Provided material

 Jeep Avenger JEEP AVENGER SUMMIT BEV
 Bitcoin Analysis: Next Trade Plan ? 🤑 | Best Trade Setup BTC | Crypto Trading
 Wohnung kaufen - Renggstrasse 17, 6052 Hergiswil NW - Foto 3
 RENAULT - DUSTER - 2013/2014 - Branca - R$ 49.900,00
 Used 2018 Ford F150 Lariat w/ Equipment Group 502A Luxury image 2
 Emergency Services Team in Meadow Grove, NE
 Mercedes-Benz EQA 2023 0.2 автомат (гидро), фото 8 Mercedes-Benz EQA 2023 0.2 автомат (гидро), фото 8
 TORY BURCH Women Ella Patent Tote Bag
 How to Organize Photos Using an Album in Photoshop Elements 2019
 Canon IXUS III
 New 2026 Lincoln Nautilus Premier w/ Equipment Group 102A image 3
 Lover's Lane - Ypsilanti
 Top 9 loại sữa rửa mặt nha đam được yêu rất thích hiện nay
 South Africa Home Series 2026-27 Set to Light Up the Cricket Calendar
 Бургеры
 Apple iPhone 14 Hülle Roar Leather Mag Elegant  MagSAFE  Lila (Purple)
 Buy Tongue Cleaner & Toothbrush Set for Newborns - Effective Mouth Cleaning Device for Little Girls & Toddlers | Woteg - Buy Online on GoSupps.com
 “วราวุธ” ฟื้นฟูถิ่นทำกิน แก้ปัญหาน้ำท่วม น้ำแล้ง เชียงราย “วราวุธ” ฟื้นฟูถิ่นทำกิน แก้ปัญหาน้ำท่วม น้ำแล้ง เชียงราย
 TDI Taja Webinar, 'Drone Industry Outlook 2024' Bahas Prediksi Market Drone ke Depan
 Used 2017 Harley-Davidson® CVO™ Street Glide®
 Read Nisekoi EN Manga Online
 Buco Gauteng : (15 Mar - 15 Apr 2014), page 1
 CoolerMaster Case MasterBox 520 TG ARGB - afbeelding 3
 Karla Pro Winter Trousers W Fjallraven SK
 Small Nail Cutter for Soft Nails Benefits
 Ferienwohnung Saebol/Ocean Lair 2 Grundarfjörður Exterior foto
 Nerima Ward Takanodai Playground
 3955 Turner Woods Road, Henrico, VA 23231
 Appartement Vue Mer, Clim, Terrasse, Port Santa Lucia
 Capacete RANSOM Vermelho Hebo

Assignment
Copy from the line with "TDI Taja Webinar, 'Drone" to the final line of the records, inclusive, and add nothing else.

Worked solution
 TDI Taja Webinar, 'Drone Industry Outlook 2024' Bahas Prediksi Market Drone ke Depan
 Used 2017 Harley-Davidson® CVO™ Street Glide®
 Read Nisekoi EN Manga Online
 Buco Gauteng : (15 Mar - 15 Apr 2014), page 1
 CoolerMaster Case MasterBox 520 TG ARGB - afbeelding 3
 Karla Pro Winter Trousers W Fjallraven SK
 Small Nail Cutter for Soft Nails Benefits
 Ferienwohnung Saebol/Ocean Lair 2 Grundarfjörður Exterior foto
 Nerima Ward Takanodai Playground
 3955 Turner Woods Road, Henrico, VA 23231
 Appartement Vue Mer, Clim, Terrasse, Port Santa Lucia
 Capacete RANSOM Vermelho Hebo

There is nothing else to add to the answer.